The Real Story of Kent State

Thursday, October 14th, 2010

Shannon Love (angrily) cites Richard Cohen’s recent “vile little diatribe” as an example of leftist hagiography. It addresses the 1970 Kent State shooting:

Bullets had killed those kids, sure — but they were fired, in a way, from the mouths of politicians. The governor of Ohio, James Rhodes, demonized the war protesters. They were “worse than the Brownshirts and the communist element…. We will use whatever force necessary to drive them out of Kent.”

There are two things that are delusional, Love says, about Cohen’s perspective on Kent State:

First, he assumes that the National Guard opened fire because they hated the college students’ ideology and not because they feared violence. Second, he leaves out the fact that the protesters were actually acting like Brownshirts and were protesting in de facto support of totalitarian communist superpowers. Indeed, many of leaders of the Kent State and other protests considered themselves to be communists fighting for world revolution.

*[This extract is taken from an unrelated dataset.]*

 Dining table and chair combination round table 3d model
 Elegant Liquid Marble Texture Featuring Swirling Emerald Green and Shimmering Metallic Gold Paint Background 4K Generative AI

In the leftists’ hagiography, the Kent State protesters were completely peaceful. They “performed a sit-in” in college campus buildings and were singing and putting flowers in the barrels of the Guardsmen’s guns when the Guardmen’s ideological hatred of the pure and noble leftists finally overwhelmed the Guardmen’s humanity and they brutally opened fire. All those killed at Kent State are martyrs to the evil of the American right. Therefore, Cohen argues by implication, since the left is so good, wonderful and infallible in all things, anyone who argues with leftists today is just as evil and hate filled as the governor and the Guardsmen were back in 1970.

Unfortunately for Cohen and his hagiography, the shootings at Kent State were preceded by a month of increasing violence. The “peaceful sit-in” of the ROTC building was violent with doors kicked in, desks and filing cabinets destroyed, burned or tossed through windows. ROTC officers and students as well as school officials were physically attacked. All this culminated in a riot the night before the shootings in downtown Kent, that resulted in broken windows, arson, stonings and beatings that overwhelmed the Kent police force. That pattern of increasing violence and destruction, not the governor’s ideological opposition to the protesters’ support of communist goals, caused the governor to call out the National Guard. The violence continued the day of the shootings with rock throwing and shouts of “kill, kill, kill”. The Guardsmen were on edge because of the violence, not the ideology.

Cohen and other leftists always dehumanize non-leftists such as the Guardsmen, turning them into caricatures. In the minds of Cohen et al, the Guardsmen are evil Nazis salivating to kill the pure and noble leftists. In reality, the Guardsmen felt exposed and frightened. They did not have full anti-riot gear or support and could not have withstood the human wave attack of an enraged mob. They were all too aware of how easy it would have been for the mob to overwhelm part or all of the Guard’s line and pull out and beat to death individuals. Worse, they all knew they were tightly bunched together making them an easy target for anyone with a firearm in the crowd or surrounding buildings. Given the previous pattern of escalating violence and the frothing anger directed at them, they had every right to expect they might be attacked with lethal force.

The Kent State shootings should have never happened but the moral onus for the deaths ultimately lies upon those who initiated the violence in the first place. Had the protesters not tried to impose their will on the governance of the university by force, had they not attacked people and destroyed property, the Guard would have not have been called out in the first place and would have never been in a position to overreact and make a mistake.

In the end, the idea that the Guard opened fire out of ideological hatred of all that is good and pure is really just a manifestation of the left’s own narcissism and megalomania. They are so convinced not only of their rectitude but of their critical importance to the world that they convince themselves that they are actually important enough for non-leftists to want to kill them. The thought that the Guard saw them not as world changing revolutionaries but just as spoiled, violent children just doesn’t play into the self-hagiography of the individual leftists.

In the end, the real story of Kent State was that of radical leftists directing violence on their fellow citizens in order to advance and inflate their own egos, and as a side effect to advance the interests of totalitarian, communist superpowers. Their egoism, moral blindness and self-delusion caused them to create circumstances in which lethal mistakes where probable. That is the reason, and the only reason, that five people died at Kent State.